Quest’anno ricorre il seicentesimo anniversario della nascita di san Nicolao della Flüe, santo patrono della Svizzera. Un uomo che decide di abbandonare tutto per ritirarsi a vita eremitica, per stare tutto il tempo solo con Gesù, digiunando completamente (si nutriva soltanto accostandosi all’Eucaristia). Ma questa forma di vita non coincide affatto con un “tirarsi fuori” dal mondo. Anzi, Nicolao diventa un punto di riferimento e di confronto per tutti: poveri contadini, ricchi signori, politici e prelati. Viene in mente quella frase di don Giussani: la prima attività è una passività, altro che “Forza compagni, / rovesciamo tutto / e costruiamo / un mondo meno brutto”.

Una gita

Anche il giocone è ispirato a San Nicolao e all’assemblea c’è chi interviene dicendo: «Io sono sempre stato negato a giocare, giravo alla larga il più possibile dai campi da calcio. Ma ieri guardavo stupito i miei figli, imbranati come il padre, giocare senza riserve. E mi sono chiesto: ma che razza di amicizia c’è qui per attirarli così e farli giocare senza vergogna?». E allora capisci che anche il gioco nelle nostre vacanze non è per riempire il tempo; serve per crescere: piccoli e grandi.

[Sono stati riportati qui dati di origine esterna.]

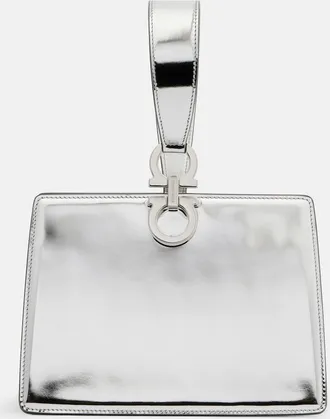 Ferragamo Gancini Small metallic leather clutch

Alla fine di questa settimana così intensa mi chiedo: come avremmo potuto intercettare tutta questa ricchezza se la salvezza non ci interessasse più? Certo, se gioco tutte le mie carte - interrogativi, difficoltà, desideri -, e poi guardo, guardo, come Lui mi risponde.
Scendendo lungo i tornanti mi riviene in mente l'invito che Dio fa all’uomo ne Il Mistero dei Santi Innocenti di Péguy, citato all’inizio della vacanza: «Siate dunque infine, siate come un uomo / che sta in una nave sul fiume / E che non rema sempre / E che a volte si lascia andare sul filo dell’acqua».